On a busy day I’ll receive more than a hundred newsletters. On a slow day that number is around 30.I know this because a few weeks ago I set up a filter in Gmail to file all emails containing the word ‘Unsubscribe’ into one sub-folder. Once a day I browse through it and fish out the false positives. I’m left with an archive of newsletters, which makes it painfully clear that this is becoming a problem.
Newsletters are hot right now and can be very useful. We send out a fair bunch of them ourselves. When managed well, a newsletter can convert to customers and strengthen your relationship with your audience. The problem is that too many people know this, and getting people subscribed to your newsletter is just too easy.
When I receive a hundred new newsletters, I didn’t actually sign up for a hundred new newsletters. What happened is someone found my email address somewhere and decided to add me to their newsletter because ‘you never know’ and ‘more is better.’
We need more friction
Again, I understand why they are doing it. But too many people are doing this and it is getting out of hand. Spam levels might be down, and it’s hardly a problem anymore for most people, but it has been replaced by newsletters that take time to unsubscribe from.

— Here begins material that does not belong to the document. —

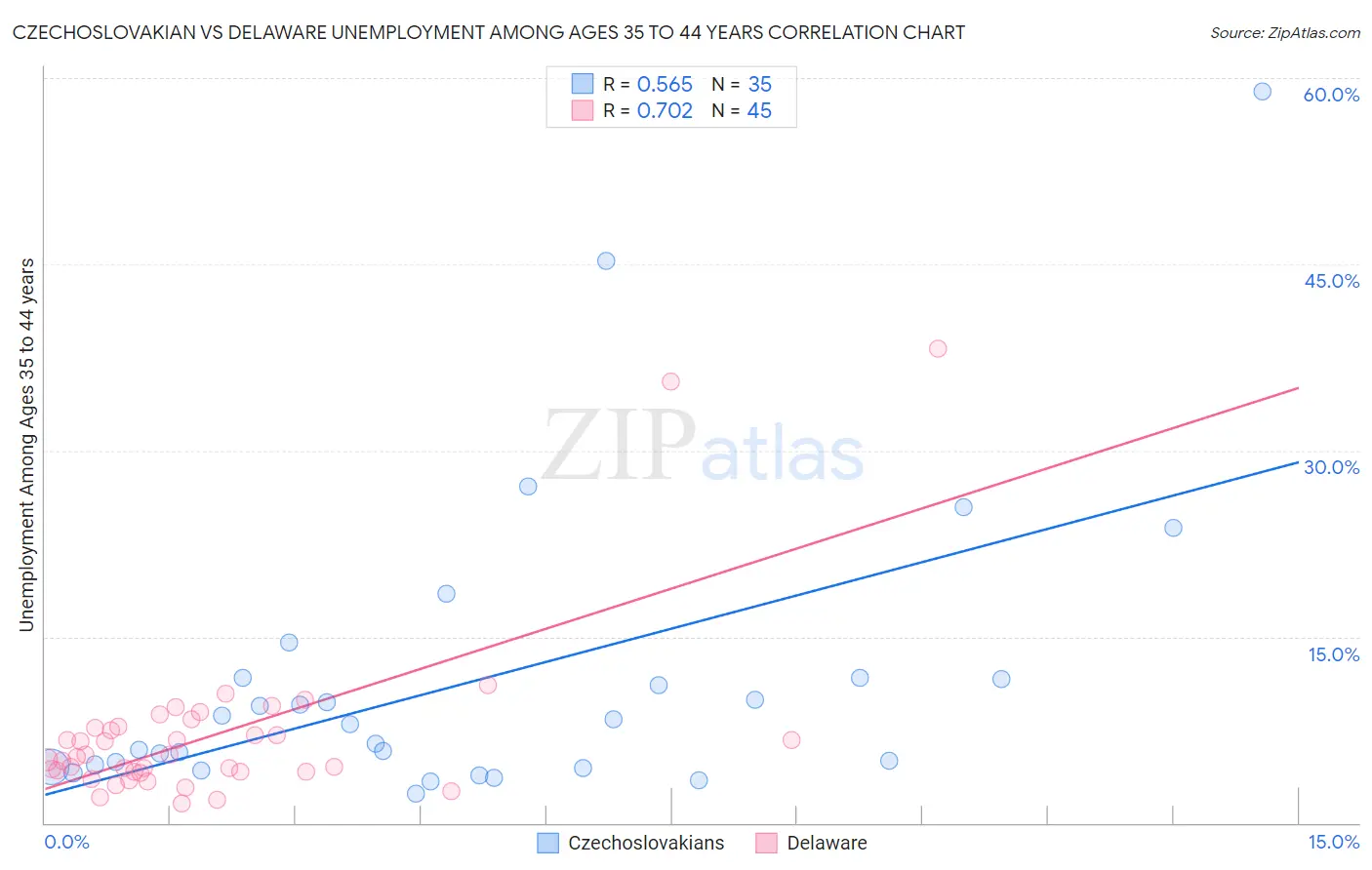 Czechoslovakian vs Delaware Unemployment Among Ages 35 to 44 years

Apart from my hack that filters out all newsletters from my email, I hope that companies like Mailchimp will soon add an option to make an email address double opt-in. I’d even pay for that.
That way, when someone imports my email address to their database they would get an error message that says ‘Sorry, this user has opted out of newsletters and get only be added manually from a form.’ That would add enough friction to keep out 99 percent of all newsletters, and the rest I can handle myself.
Until then, I’ll just filter them all out.